Data provided
== == ==
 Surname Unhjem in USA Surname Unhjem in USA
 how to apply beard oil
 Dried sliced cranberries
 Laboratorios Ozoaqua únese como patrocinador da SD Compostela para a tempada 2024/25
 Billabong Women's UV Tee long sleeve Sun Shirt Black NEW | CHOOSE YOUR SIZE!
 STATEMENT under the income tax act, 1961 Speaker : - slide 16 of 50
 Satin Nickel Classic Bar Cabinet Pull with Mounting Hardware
== == ==
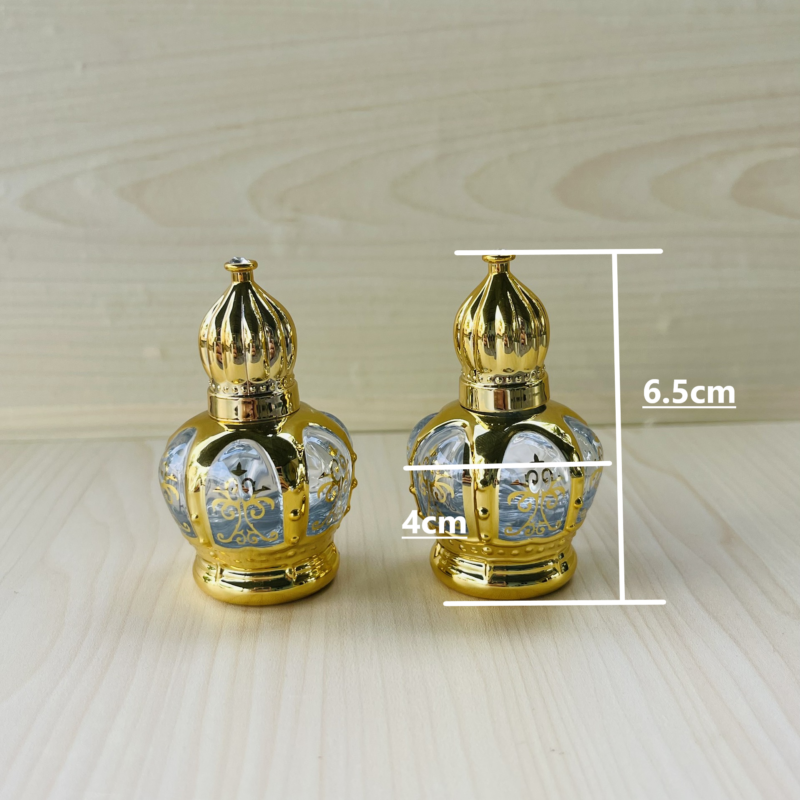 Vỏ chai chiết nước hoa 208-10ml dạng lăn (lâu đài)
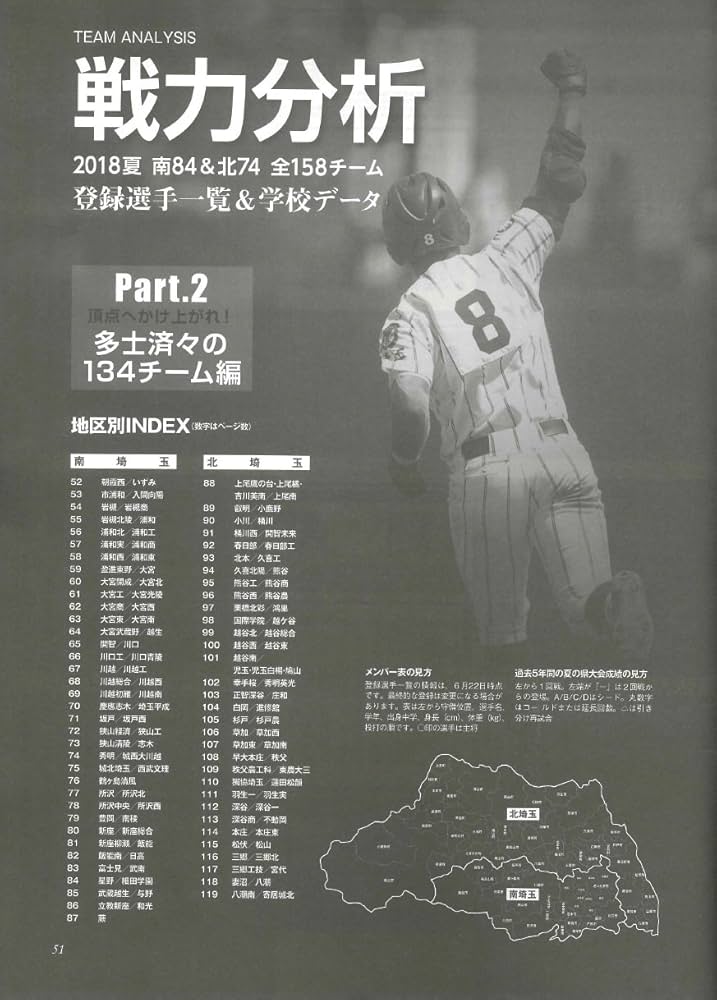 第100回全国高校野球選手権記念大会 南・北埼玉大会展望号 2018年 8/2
== == ==
Activity
Print exactly the lines above, between the one holding "Surname Unhjem in USA Surname Unhjem in USA" and the one holding "Satin Nickel Classic", inclusive, and nothing besides.

Answer
 Surname Unhjem in USA Surname Unhjem in USA
 how to apply beard oil
 Dried sliced cranberries
 Laboratorios Ozoaqua únese como patrocinador da SD Compostela para a tempada 2024/25
 Billabong Women's UV Tee long sleeve Sun Shirt Black NEW | CHOOSE YOUR SIZE!
 STATEMENT under the income tax act, 1961 Speaker : - slide 16 of 50
 Satin Nickel Classic Bar Cabinet Pull with Mounting Hardware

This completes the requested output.